Responsabilidades clarificadas
O diploma assume-se como um instrumento “que clarifica a cadeia de responsabilidade dos diversos intervenientes”, como sejam “o operador actual, anterior ou terceiros envolvidos”. Considera-se “o proprietário do terreno como responsável em última instância, quando for impossível identificar, ou já não existir, o causador da contaminação”. Apenas compete ao Estado intervir “nas situações de perigo iminente para a saúde pública ou para o ambiente, em que não seja possível a aplicação dos princípios do poluidor-pagador ou da responsabilidade”.
De acordo com o projecto de decreto-lei, o proprietário do terreno ou operador da actividade é responsável por fazer uma Avaliação Preliminar do Risco de Contaminação do Solo e, se existir risco, terá depois de realizar uma Avaliação Exploratória da Qualidade do Solo. Consoante os resultados também aqui obtidos, será necessária a realização de uma Avaliação Detalhada da Qualidade do Solo, baseada numa análise de risco.
Numa fase mais avançada, num contexto-limite de “situação de risco inaceitável para a saúde humana ou para o ambiente”, fica “o responsável pela remediação” obrigado a “apresentar, para efeitos de aprovação, um Projecto de Remediação do Solo” e os seus resultados serão monitorizados. Só com os objectivos fixados “alcançados”, prevê o projecto de diploma, seria emitido um Certificado da Qualidade do Solo.
A iniciativa, do tempo do anterior Governo, prosseguiu com o actual, que tomou posse em Novembro de 2015. A consulta pública do projecto de decreto-lei, que terminou nesse mesmo mês de Novembro, junta dezenas de contributos analisados num relatório com data de Fevereiro de 2016.
O secretário de Estado do Ambiente, Carlos Martins, chegou a dizer que até o fim desse ano [2016] o diploma estaria “aprovado”. Na altura, uma reportagem da revista Visão sobre a descoberta de solos contaminados no terreno da antiga refinaria de Cabo Ruivo onde o grupo José de Mello Saúde iniciara obras para a construção de um parque de estacionamento subterrâneo, pôs em evidência o vazio legal em Portugal que permita prevenir e remediar situações de solos contaminados.
O diploma, que ficou na gaveta, prevê a criação do Atlas da Qualidade do Solo, um documento destinado a informar o público “sobre os locais contaminados e remediados, as actividades potencialmente contaminantes e as técnicas de limpeza adoptadas”.

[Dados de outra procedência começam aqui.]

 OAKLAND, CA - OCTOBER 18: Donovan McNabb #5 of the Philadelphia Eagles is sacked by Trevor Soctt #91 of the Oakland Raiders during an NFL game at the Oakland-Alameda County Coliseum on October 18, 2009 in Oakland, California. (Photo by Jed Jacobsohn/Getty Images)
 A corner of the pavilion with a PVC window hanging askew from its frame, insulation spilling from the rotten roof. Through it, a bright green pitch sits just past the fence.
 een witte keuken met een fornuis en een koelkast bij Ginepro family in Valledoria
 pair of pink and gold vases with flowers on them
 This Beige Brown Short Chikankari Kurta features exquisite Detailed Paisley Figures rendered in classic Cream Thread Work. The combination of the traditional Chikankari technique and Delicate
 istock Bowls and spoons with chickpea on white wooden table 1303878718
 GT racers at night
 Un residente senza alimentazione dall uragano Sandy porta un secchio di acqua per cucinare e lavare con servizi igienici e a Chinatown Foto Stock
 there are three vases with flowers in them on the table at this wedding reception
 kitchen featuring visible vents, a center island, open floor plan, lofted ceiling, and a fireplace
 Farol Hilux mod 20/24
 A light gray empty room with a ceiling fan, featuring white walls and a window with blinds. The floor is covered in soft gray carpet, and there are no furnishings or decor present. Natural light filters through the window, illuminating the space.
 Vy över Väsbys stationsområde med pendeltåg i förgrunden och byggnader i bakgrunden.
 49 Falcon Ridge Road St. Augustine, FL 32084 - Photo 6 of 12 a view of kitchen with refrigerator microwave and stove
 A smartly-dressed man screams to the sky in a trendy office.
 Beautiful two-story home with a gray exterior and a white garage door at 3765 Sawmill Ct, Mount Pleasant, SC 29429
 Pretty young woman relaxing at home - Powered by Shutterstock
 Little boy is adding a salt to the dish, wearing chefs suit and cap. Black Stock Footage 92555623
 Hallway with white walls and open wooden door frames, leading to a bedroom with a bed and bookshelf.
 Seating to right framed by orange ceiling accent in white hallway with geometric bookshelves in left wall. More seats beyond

A legislação, a ser aprovada ainda este ano, como garante ao PÚBLICO o ministério do Ambiente, determina, na sua forma original, que o proprietário de terrenos é responsável pelas avaliações da qualidade do solo, antes da eventual venda. O relatório da consulta pública refere, porém, que “foi clarificada a assunção” dessa responsabilidade por parte do comprador do terreno “no momento da escritura”, e ainda que essa responsabilidade “pode ser assegurada pelo adquirente não podendo este, em conformidade, alegar exclusão de responsabilidade.”